Trust Bank van Afrika Bpk v Eksteen 1964 (3) SA 402 (A)

Strydom v Die Land- & Landboubank van SA 1972 (1) SA 801 (A) at 815

Philmatt (Pty) Ltd v Mosselbank Developments CC [1996] 1 All SA 296 (A); 1996 (2) SA 15
(SCA)

Provincial Government of the Eastern Cape and others v Contractprops 25 (Pty) Ltd [2001] 4
All SA 273 (A); 2001 (4) SA 142 (SCA)

PRECEDENTS

Plea – to a claim based on plaintiff’s ownership of a motor vehicle

1. Defendant denies that plaintiff is the owner of the motor vehicle concerned.
2. In the alternative, and in the event of the court’s finding that plaintiff is the
owner of the vehicle, defendant pleads that plaintiff is estopped from relying on his
ownership for the following reasons:

(a) on [date], plaintiff by words [set out] and by conduct [set out] negligently
represented to defendant that one [X] was the owner of the motor vehicle;

[Page 168]

(b) defendant accepted as correct this representation and acted thereon when [X]
presented the vehicle to him as a trade-in on a vehicle which [X] intended to purchase from
defendant;

(c) in so doing, defendant acted to his detriment and accepted the said vehicle as
part payment for the purchase of a vehicle [describe] by [X].

Plea – similar

3. Plaintiff entrusted the vehicle to X Motors, a well-known dealer in motor


vehicles.

4. Plaintiff requested X Motors to find a buyer for the vehicle.

5. Plaintiff knew, or should have known, that X Motors would exhibit the vehicle
at its business premises as part of its stock-in-trade, which it in due course did.

6. Plaintiff thereby enabled X Motors to deal with the vehicle as owner.

7. By this conduct, plaintiff negligently represented to defendant that X Motors


was the owner of the vehicle and had the right to dispose of it.

8. Defendant accepted as correct the representation and, relying on it, to his


prejudice, purchased the vehicle from X Motors and paid the purchase sum of [Rx] in full.

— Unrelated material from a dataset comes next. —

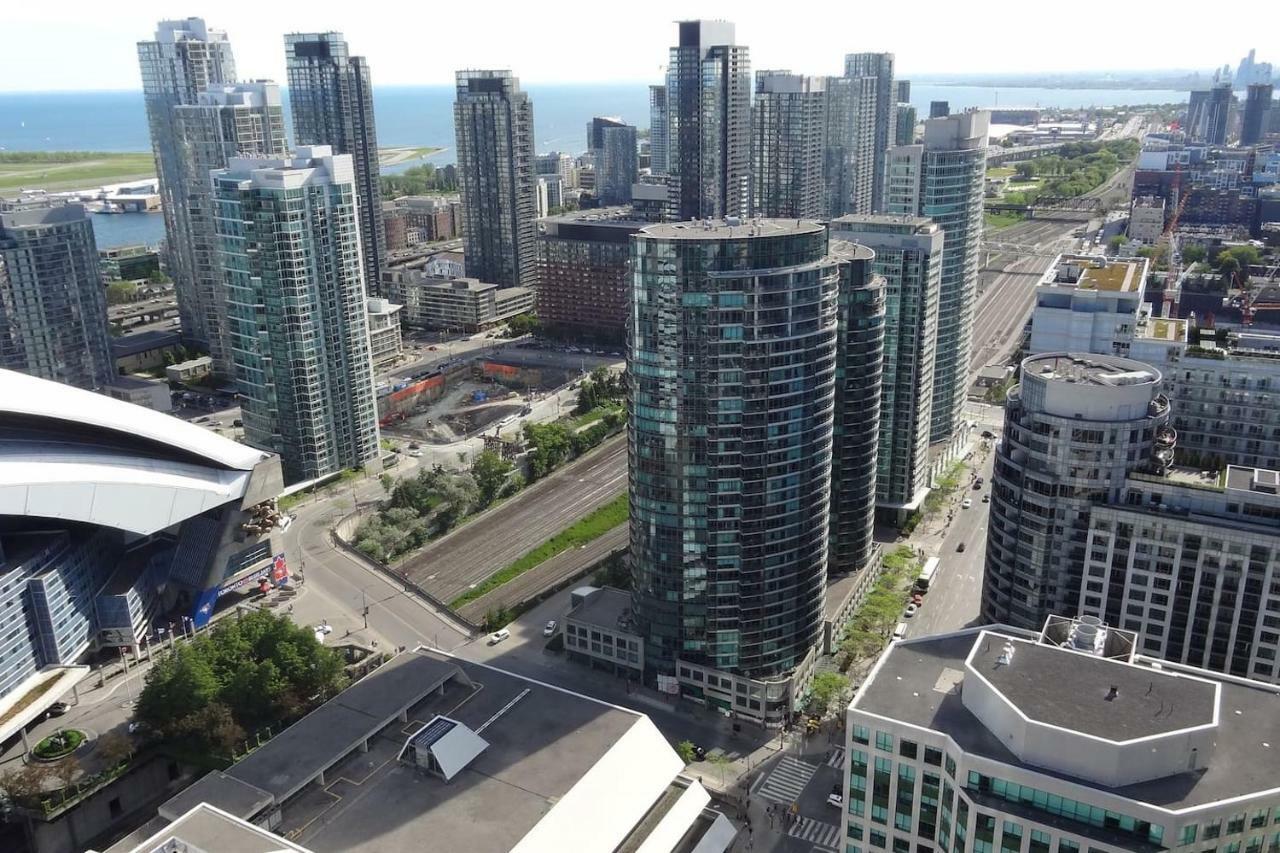 Bright Condo In The Heart Of Toronto Eksteriør billede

9. Plaintiff is consequently estopped from enforcing his alleged ownership


against defendant.

Cf Info Plus v Scheelke 1998 (3) SA 184 (SCA); [1998] 2 All SA 509 (SCA) at 516a–f

Replication – to a plea denying that defendant’s alleged agent was authorised

1. Plaintiff persists in his allegations that [X] was duly authorised by defendant
to enter into the contract.

2. In the event, however, of the court’s finding that [X] was not duly authorised,
plaintiff replies that defendant is estopped from denying the authority of [X] for the following
reasons:

(a) For many years, plaintiff conducted business with defendant through the
agency of [X].
(b) [X] is stated to be the agent of defendant on defendant’s stationery.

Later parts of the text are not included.